Member of the Legislative Assembly of Manitoba for Churchill
- In office June 28, 1973 – October 11, 1977
- Preceded by: Gordon Beard
- Succeeded by: Jay Cowan

Personal details
- Born: April 4, 1921 Portage la Prairie, Manitoba, Canada
- Died: March 2, 1993 (aged 71) Spruce Grove, Alberta, Canada
- Party: New Democratic Party of Manitoba

= Les Osland =

Canadian politician

Les Osland (April 4, 1921 – March 2, 1993) was a politician in Manitoba, Canada. He was a New Democratic member of the Legislative Assembly of Manitoba from 1973 to 1977, representing the northern riding of Churchill.

Osland's father refused to serve in World War I, and his family was somewhat unpopular in their small prairie town during the 1920s.

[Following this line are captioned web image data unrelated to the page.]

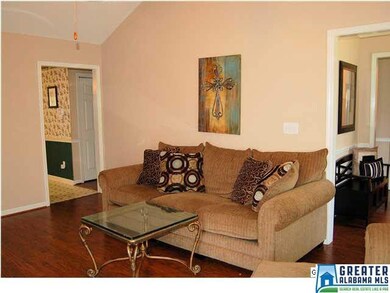 It has a large great room with a vaulted ceiling &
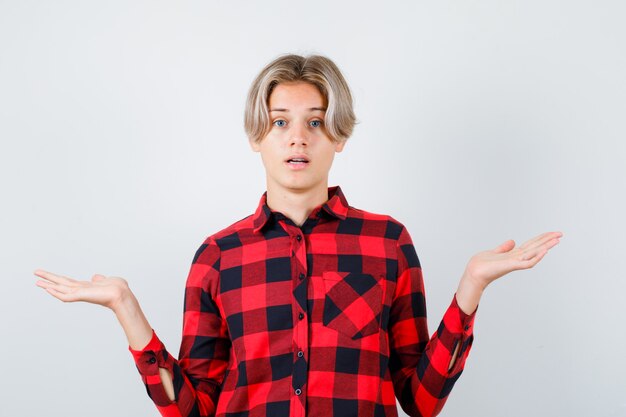 Retrato de bastante jovencito mostrando gesto de impotencia en camisa a cuadros y mirando desconcertado vista frontal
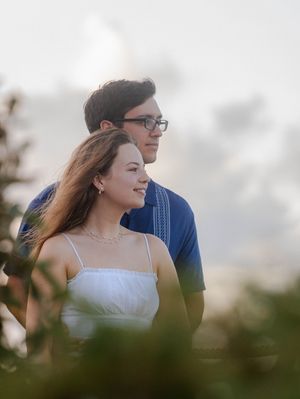 A young couple stands together outdoors, smiling softly, with a blurred green and sky background.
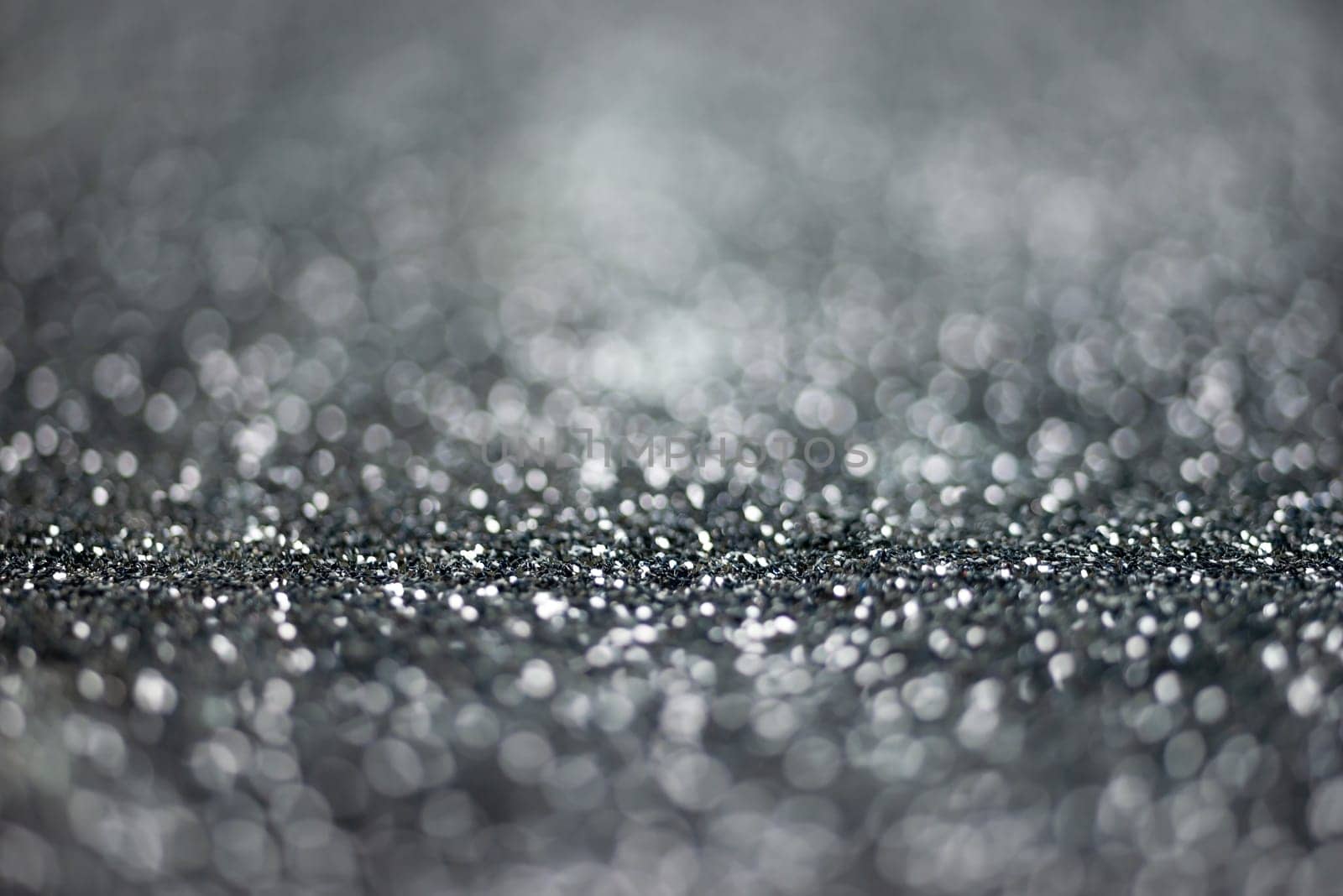 Glitter light abstract black bokeh light blurred background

He was elected in the provincial election of 1973, defeating Progressive Conservative candidate Andy Champagne by just under 700 votes. He served as a government backbencher for the next four years, and did not seek re-election in 1977.

Osland later served as mayor of Churchill.

His son, Len Osland, is a folk music singer/songwriter in the Yukon. In 1997, the younger Osland released a CD entitled Salty Fingers which included the song "Pop", a tribute to his father.